In this revelatory, authoritative portrait of Donald J. Trump and the toxic family that made him, Mary L. Trump, a trained clinical psychologist and Donald’s only niece, shines a bright light on the dark history of their family in order to explain how her uncle became the man who now threatens the world’s health, economic security, and social fabric.

Mary Trump spent much of her childhood in her grandparents’ large, imposing house in the heart of Queens, New York, where Donald and his four siblings grew up. She describes a nightmare of traumas, destructive relationships, and a tragic combination of neglect and abuse. She explains how specific events and general family patterns created the damaged man who currently occupies the Oval Office, including the strange and harmful relationship between Fred Trump and his two oldest sons, Fred Jr. and Donald.

A firsthand witness to countless holiday meals and interactions, Mary brings an incisive wit and unexpected humor to sometimes grim, often confounding family events. She recounts in unsparing detail everything from her uncle Donald’s place in the family spotlight and Ivana’s penchant for regifting to her grandmother’s frequent injuries and illnesses and the appalling way Donald, Fred Trump’s favorite son, dismissed and derided him when he began to succumb to Alzheimer’s.

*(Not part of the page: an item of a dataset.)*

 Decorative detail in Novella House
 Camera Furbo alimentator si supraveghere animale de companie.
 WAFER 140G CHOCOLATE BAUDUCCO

Numerous pundits, armchair psychologists, and journalists have sought to parse Donald J. Trump’s lethal flaws. Mary L. Trump has the education, insight, and intimate familiarity needed to reveal what makes Donald, and the rest of her clan, tick. She alone can recount this fascinating, unnerving saga, not just because of her insider’s perspective but also because she is the only Trump willing to tell the truth about one of the world’s most powerful and dysfunctional families.


From the very first page of Too Much and Never Enough, the author spoke to us from her position inside the family, as well as by way of her clinical training.We learn how Donald Trump was taught by his father that lying is okay and admitting that you are wrong is a sign of weakness. We also see how his arrogance is a defense against abandonment (by his mother) and an antidote to his lack of self-esteem.Why do so many with access to him now, in his position, enable him? Their futures are directly dependent on his success and favor.The author talks about his response (or lack thereof) to Covid-19 and how it underscores his need to minimize negativity at all costs. Fear, the equivalent of weakness in his family, is as unacceptable to him now as it was when he was three years old.

The toxic positivity that his father deployed within the family is the very same thing now driving the man who has placed the country and the democracy in danger. Let us not be complicit in the destruction by ignoring it.

A great read that kept me turning pages and earned 5 stars.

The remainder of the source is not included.